Rotation & Gameplay Tips
That makes up everything that goes in optimizing your marksmanship hunter! Optimization may seem like a hassle, but you’ll be nowhere near your full potential if you skimp out on it. Most raid groups make things like enchants and consumables a requirement of joining.
While optimizing is quite important, it won’t do you any good if you don’t know how to play! Fortunately, marksmanship hunters are quite simple to play in a raiding environment. Multiple abilities are no longer relevant in a raid, which makes your life much easier as a hunter.
One thing you’ll want to master is the use of your cooldowns. If you’re playing as a troll, you’ll have access to Berserking on top of Rapid Fire. If you are a troll, you’ll want to use both abilities at the same time for the greatest benefit. They do have different cooldown times, so you’ll likely cast another Berserking in between a Rapid Fire cooldown.
Don’t forget to put Tranquilizing Shot on your action bars! This is an important ability that removes frenzy effects. Hunters are one of the few classes that can remove frenzy, so this gives you an added responsibility in certain raids like Molten Core.
While hunters are traditionally known for fighting with a pet, this isn’t always the case for a marksmanship hunter. Beast mastery hunters have the benefit of having a stronger and tougher pet. Marksmanship hunters often avoid the beast mastery tree entirely, meaning your pet is often going to be pretty weak.
Especially since you likely won’t have Improved Revive Pet, there will be several fights where it isn’t even worth using your pet at all. Spending mana and time to revive your pet just for it die a few seconds later isn’t worth the loss of DPS. This doesn’t mean you should never use your pet, but you’ll definitely want to know how likely your pet is to survive a fight to see if it is worth using.
Your best choice of pet is definitely a wolf. Wolves have access to the Furious Howl ability, a unique ability that boosts the physical power of both you and your whole party’s next attack.
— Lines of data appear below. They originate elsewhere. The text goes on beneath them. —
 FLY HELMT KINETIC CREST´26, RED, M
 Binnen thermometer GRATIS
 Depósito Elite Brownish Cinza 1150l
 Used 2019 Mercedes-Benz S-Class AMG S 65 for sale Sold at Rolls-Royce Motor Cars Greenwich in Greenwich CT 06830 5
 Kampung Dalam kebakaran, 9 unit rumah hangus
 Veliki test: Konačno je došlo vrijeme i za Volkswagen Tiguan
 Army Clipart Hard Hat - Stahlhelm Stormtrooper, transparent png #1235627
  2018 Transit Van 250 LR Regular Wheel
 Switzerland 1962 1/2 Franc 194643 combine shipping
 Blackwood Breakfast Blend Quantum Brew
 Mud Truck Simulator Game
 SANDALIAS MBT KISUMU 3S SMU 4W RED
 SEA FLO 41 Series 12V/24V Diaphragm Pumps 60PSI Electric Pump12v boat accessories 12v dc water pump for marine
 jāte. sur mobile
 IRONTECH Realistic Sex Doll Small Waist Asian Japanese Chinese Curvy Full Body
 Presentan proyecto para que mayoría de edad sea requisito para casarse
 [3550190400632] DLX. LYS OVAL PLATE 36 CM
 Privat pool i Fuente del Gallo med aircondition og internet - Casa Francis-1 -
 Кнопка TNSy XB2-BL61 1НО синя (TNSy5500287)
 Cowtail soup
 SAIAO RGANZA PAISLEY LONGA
You’ll also need to unlock rank of Furious Howl, only accessible from Bloodaxe Worg in Lower Blackrock Spire.
The rotation for a marksmanship hunter isn’t very difficult because you only use 2 abilities. Hunters do have access to more, but they aren’t relevant in a raid setting. This applies to Serpent Sting, which isn’t strong enough to take up one of the 16 debuff slots, and Arcane Shot, which shares a cooldown with Aimed Shot.
If you can use a pet, then do so for the extra damage. Otherwise, keep Hunter’s Mark applied at all times (if you’re assigned to it). After applying Hunter’s Mark, your next priority is making sure that your auto attack fires off. Once it does, you can immediately start casting Aimed Shot.
Once Aimed Shot finishes casting, you’ll want to make sure another auto attack fires off. After this, you can use your second ability, Multi–Shot. Multi-Shot won’t do much damage unless there are multiple enemies, but it is still worth using on a single target. After this, you’ll want to make sure another auto attack fires off before Aimed Shot is ready to cast again. At this point, the rotation will repeat itself.
To simplify, a marksmanship hunter’s rotation is Hunter’s Mark > Auto Attack > Aimed Shot > Auto Attack > Multi-Shot and repeat! You will notice that the cooldown for Aimed Shot is very long, but you only use one ability during that time. Your priority is always to make sure your auto attacks are firing, as this is your largest source of damage. It is a good idea to pick up an addon that can track the reloading time of your ranged weapon, which can help you to ensure you’re not clipping any auto attacks in favor of firing an Aimed Shot.